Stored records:
- - - - - - -

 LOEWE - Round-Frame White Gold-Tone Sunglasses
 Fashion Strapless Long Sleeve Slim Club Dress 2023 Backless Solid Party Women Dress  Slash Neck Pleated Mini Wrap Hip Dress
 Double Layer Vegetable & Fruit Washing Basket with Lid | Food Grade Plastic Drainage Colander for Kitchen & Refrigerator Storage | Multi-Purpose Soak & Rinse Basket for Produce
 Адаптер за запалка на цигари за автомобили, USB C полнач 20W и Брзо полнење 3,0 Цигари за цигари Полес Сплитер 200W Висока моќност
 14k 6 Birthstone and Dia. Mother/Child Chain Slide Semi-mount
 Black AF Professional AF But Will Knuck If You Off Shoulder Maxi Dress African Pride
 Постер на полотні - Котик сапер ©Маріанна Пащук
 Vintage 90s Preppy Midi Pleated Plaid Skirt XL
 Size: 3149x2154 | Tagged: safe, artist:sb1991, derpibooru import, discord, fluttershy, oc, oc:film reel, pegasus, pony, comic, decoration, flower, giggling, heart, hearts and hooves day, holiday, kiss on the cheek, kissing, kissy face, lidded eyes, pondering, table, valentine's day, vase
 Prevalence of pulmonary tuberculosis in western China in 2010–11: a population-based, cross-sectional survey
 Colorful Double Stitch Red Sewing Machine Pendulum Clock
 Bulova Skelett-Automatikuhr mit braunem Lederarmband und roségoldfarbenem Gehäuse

- - - - - - -

# What to do:
Please find each line in the records above that holds the word "Dress", and copy it.

# Exercise output:
 Fashion Strapless Long Sleeve Slim Club Dress 2023 Backless Solid Party Women Dress  Slash Neck Pleated Mini Wrap Hip Dress
 Black AF Professional AF But Will Knuck If You Off Shoulder Maxi Dress African Pride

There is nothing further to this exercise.